*Exercise requirements*
This exercise asks for an exact copy of the lines from the one containing "NWT Calvin Klein" through the final line of the material, with pictures omitted.

*Material shown*
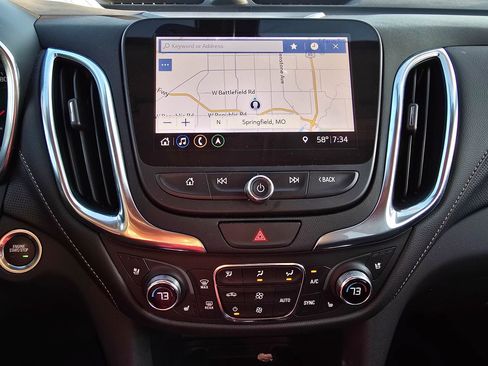 Used 2021 Chevrolet Equinox Premier image 14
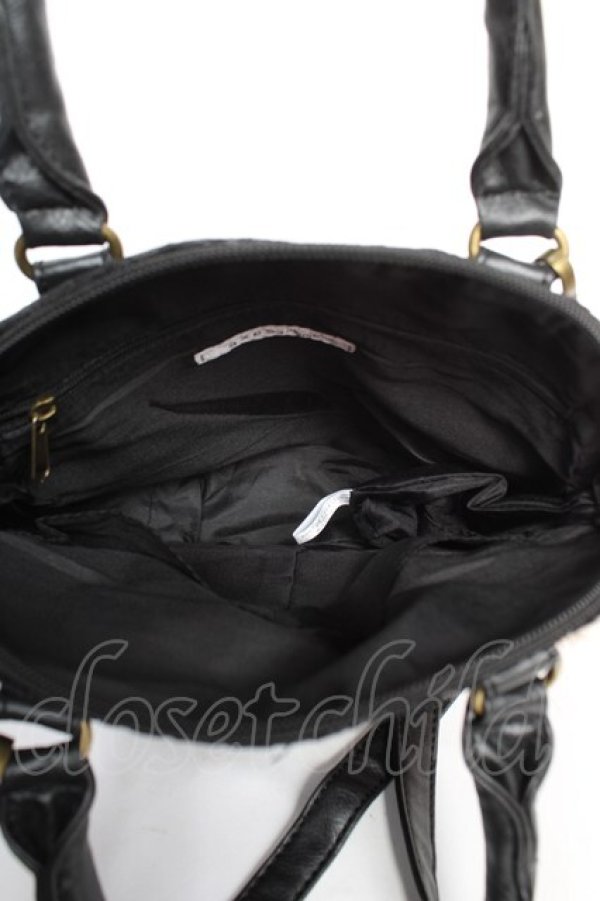 画像3: axes femme / ファー使いショルダーバッグ  黒 Y-25-12-23-007-AX-BG-SZ-ZY (3)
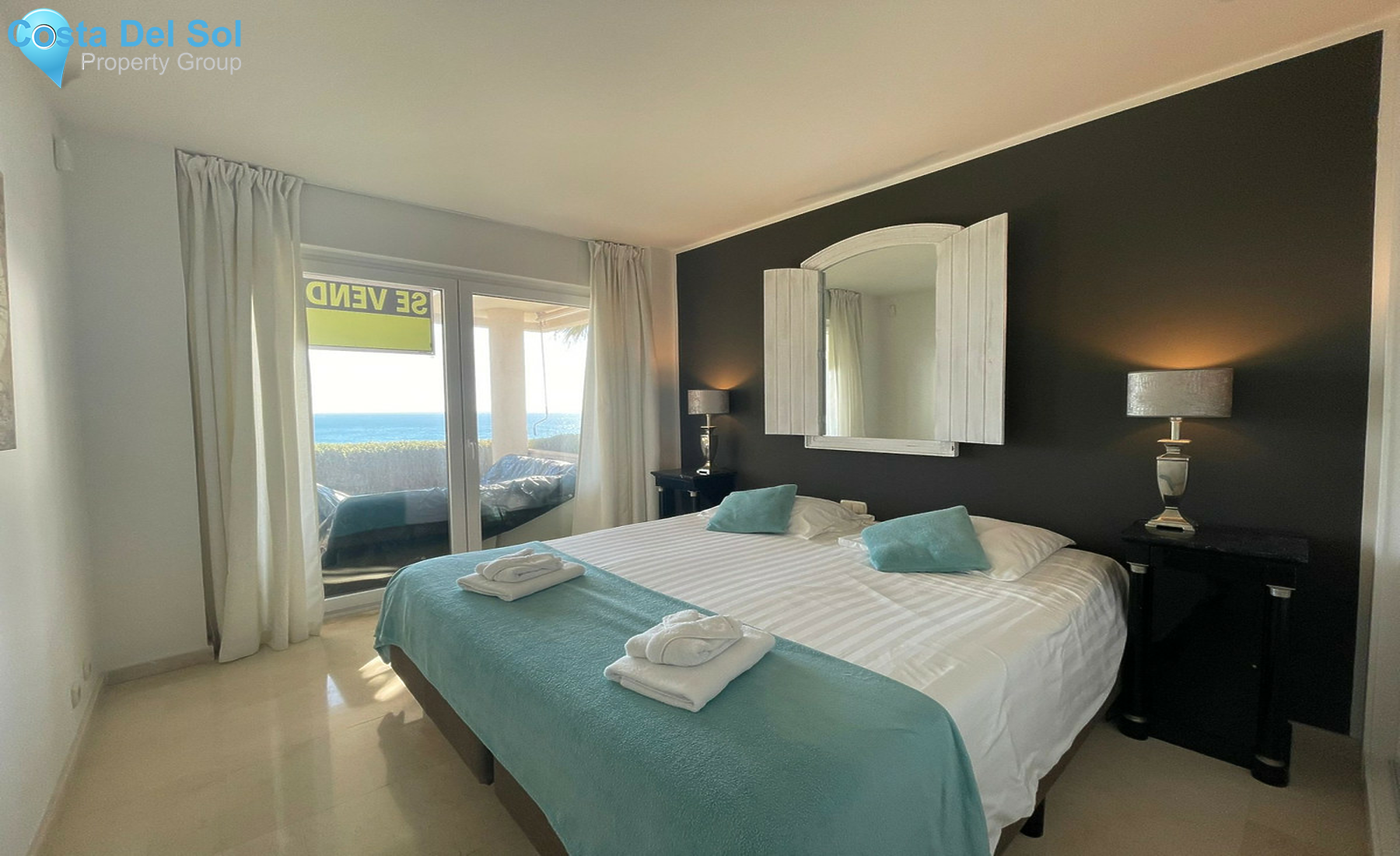 Middle Floor Apartment in Estepona-1310036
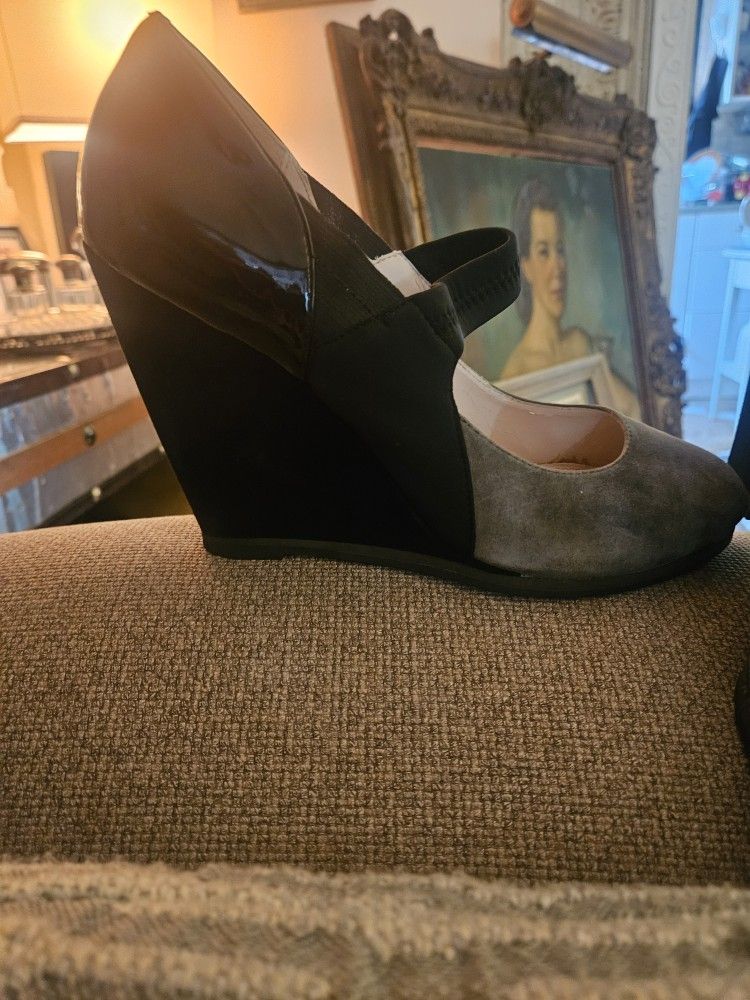 TRACEY REESE 2 TONE SUEDE MARY JANE WEDGES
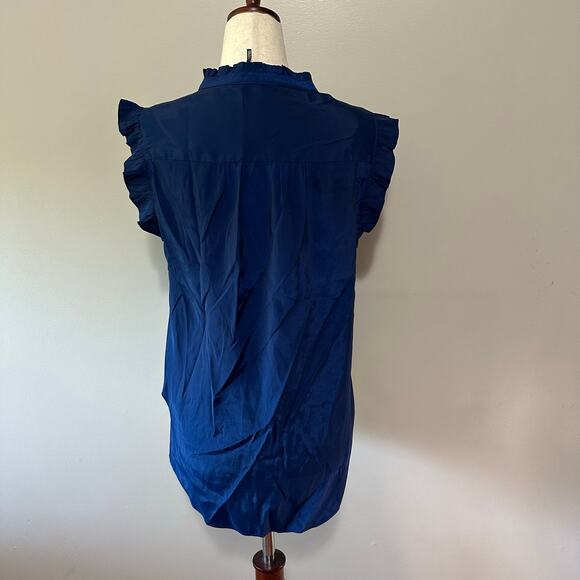 DKNY Women's Sleeveless 1/2 Placket Ruffle Trim Blouse Size M In Navy - Picture 2 of 7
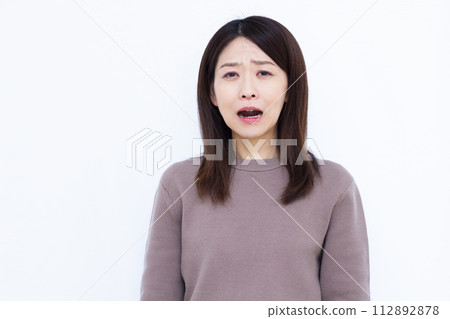 Surprised woman Surprised woman 112892878
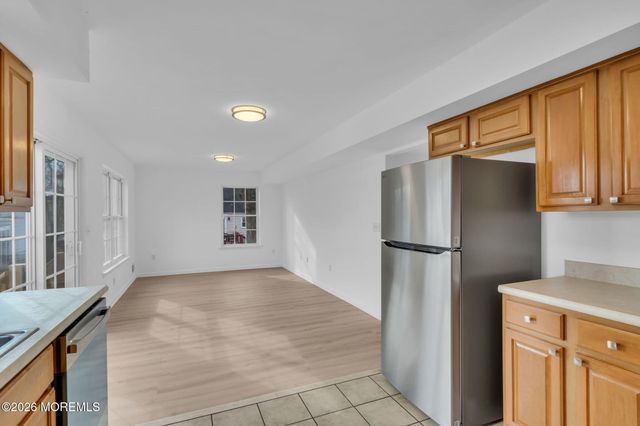 723 Woodland Avenue, Burlington City, NJ 08016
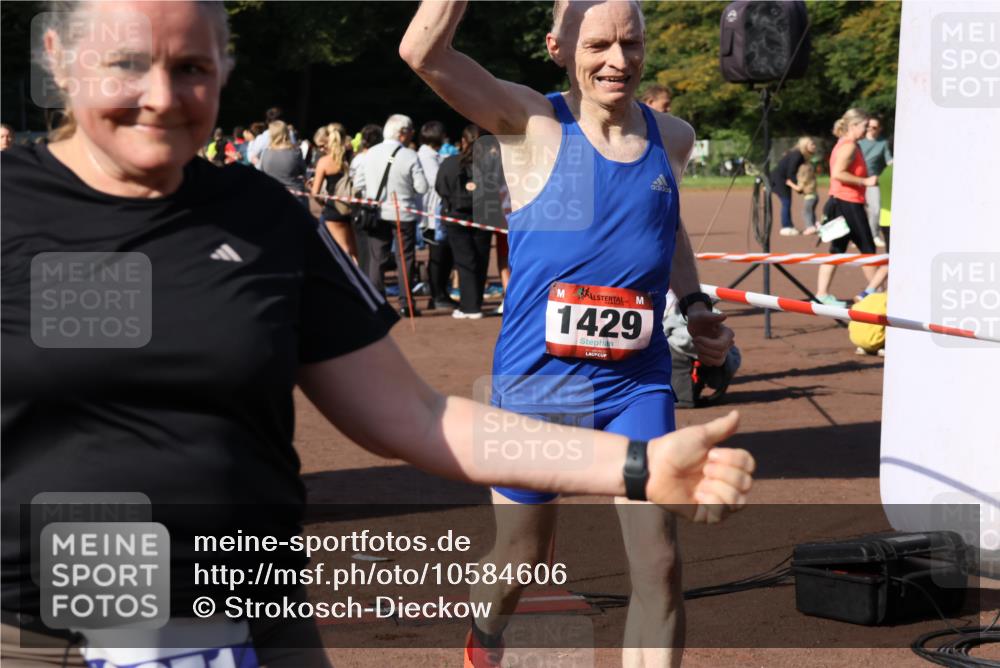 27.09.2026 - 35. Volkslauf durch das schöne Alstertal Strokosch-Dieckow http://msf.ph/oto/10584606 27.09.2026 11:35:28 Ziel 1429, 3131, 3271, 3303 meine-sportfotos.de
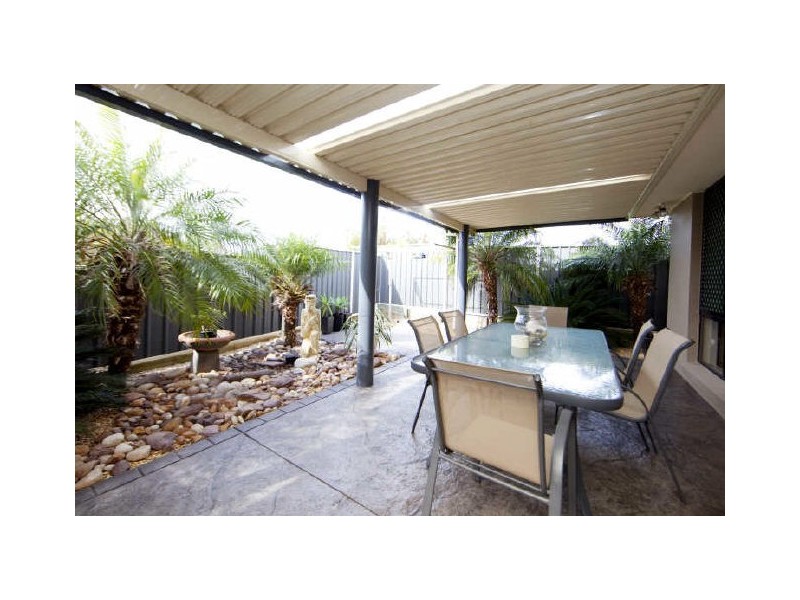 87 Crown Street, Belmont NSW 2280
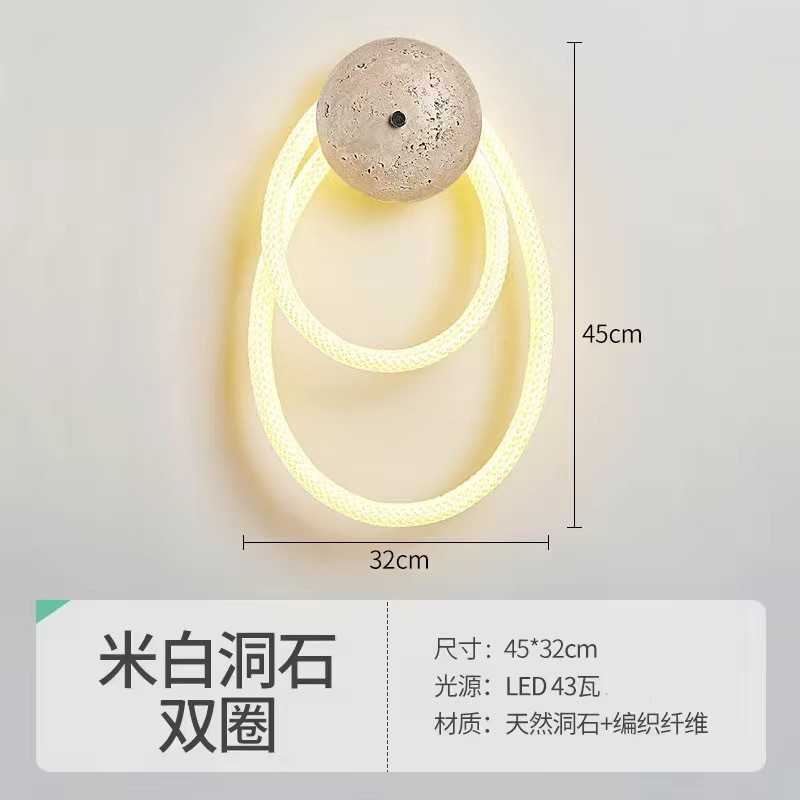 estilo japonés retro cabecera de cama agujero amarillo lámpara de pared de piedra silenciosa balcón sala de estar sofá TV pared de fondo escalera lámpara pasillo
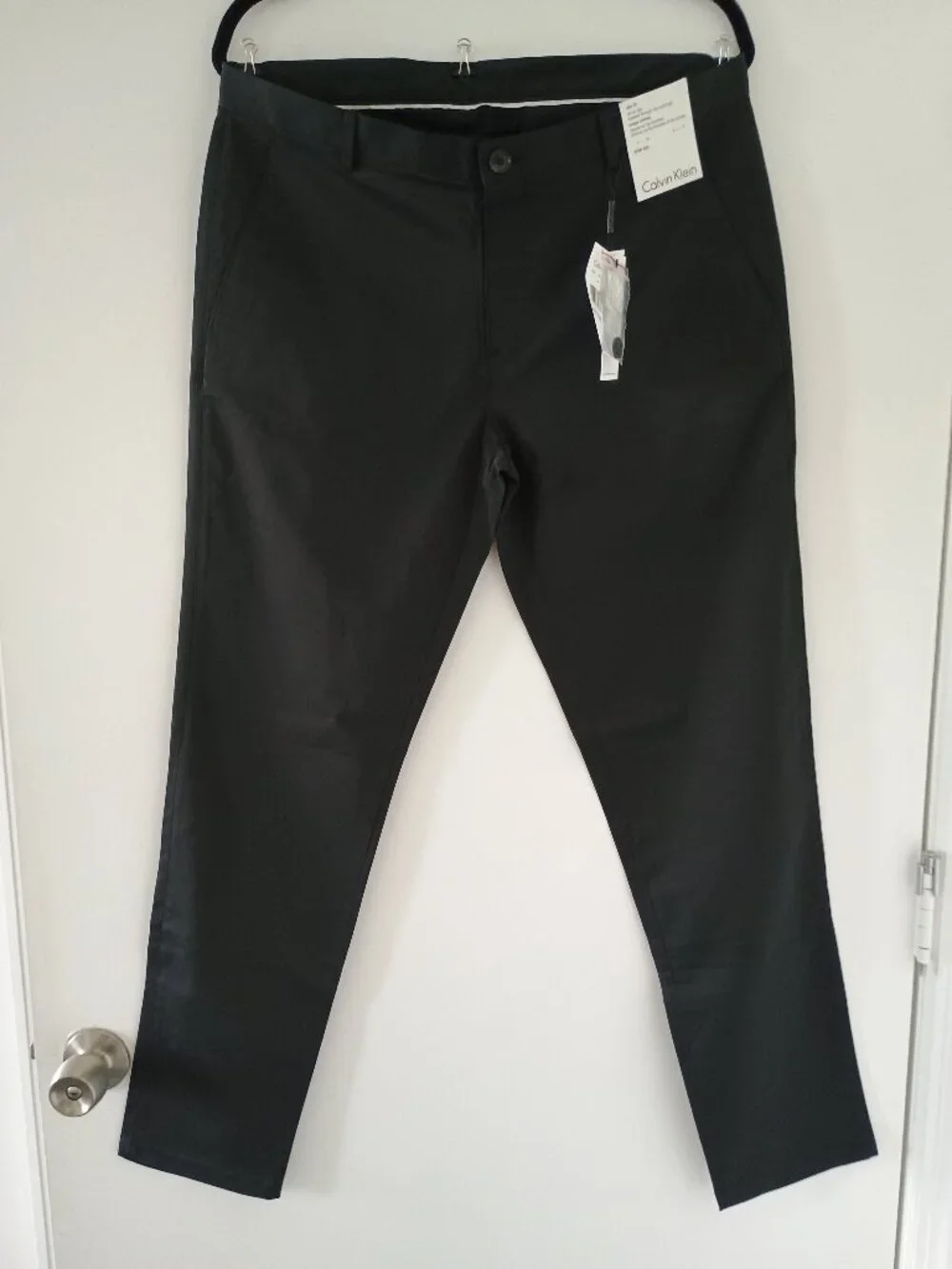 NWT Calvin Klein Men’s Signature Slim Fit 33W 32 L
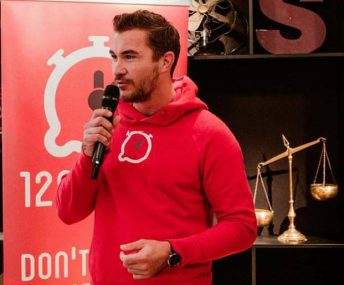 Portrait von Kumpanion Felix Hünecke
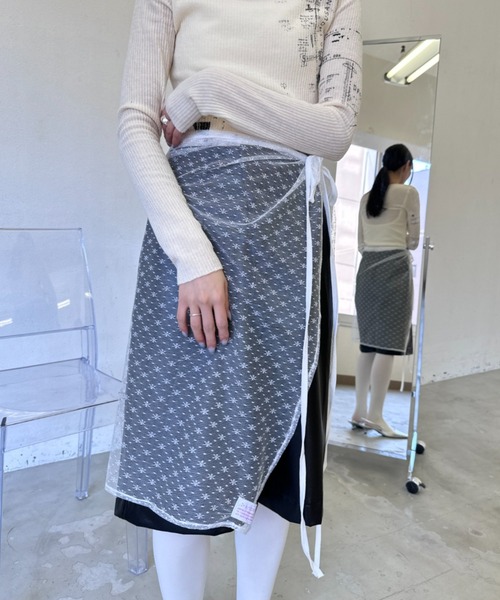 Y2K SYNAPSE FACTORY（ワイツーケー シナプスファクトリー）の「レースリボン巻きスカート（スカート・レディース・ブラック/アイボリー・FREE）」の19枚目の写真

*Solution*
 NWT Calvin Klein Men’s Signature Slim Fit 33W 32 L
 Portrait von Kumpanion Felix Hünecke
 Y2K SYNAPSE FACTORY（ワイツーケー シナプスファクトリー）の「レースリボン巻きスカート（スカート・レディース・ブラック/アイボリー・FREE）」の19枚目の写真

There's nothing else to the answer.